It's been too long between updates. Things have been really busy lately and I've needed some rest, but I'm at the point where I'm ready to jump into it again. Looking over the blog I realize it's deviated a bit from the original intention- which was talking about materials and shading networks and building up a resource of techniques- and has instead become a kind of dev blog for the couple of python projects I am involved with. I'm not sure what to do about that just yet.
Today though, I will atleast try to merge those two things by previewing a new feature to mGo!, which I've dubbed 'The Materialiser'. This new functionality will allow you to save and load material presets from inside Mari, and of course is designed to work with Antonio's production based OpenGl shaders. When importing a preset, the script will read the shader type and from there a new shader will be created and every attribute set. In this way you can quickly get up and running with materials in Mari by having quick and easy access to these presets. When saving, you'll be able to sort your custom materials within categories, based on shader type or whatever you wish, and we'll include a bunch of presets with the release.

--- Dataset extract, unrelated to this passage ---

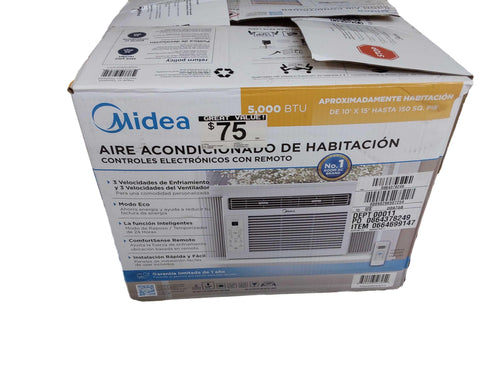 Midea 5000btu White Air Conditioner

A feature which could potentially really help Mari artists is an RGB values to New Channel feature, which I've been trialing the past couple of days. This would take any attributes in the material preset which were represented as RGB values, eg- the specular colour of a gold material or the gloss value for a matt plastic, and recreate those values inside new channels by adding a constant colour layer inside of them. From there, the new layer would serve as a reference or guide - you'd have a base colour or greyscale value to work from as you built up textural variety around those values. It seems like this would be quite useful.
While I'm working on this stuff, Antonio is putting the finishing touches on a new system which will allow blended shader and falloff shader support in mGo! We'll transfer this system over to the Materialiser soon, so you'll be able to easily load up a 'carpaint with decals' blended shader preset if you wanted- and output the whole network directly to Maya once textured. Lots of interesting potential there.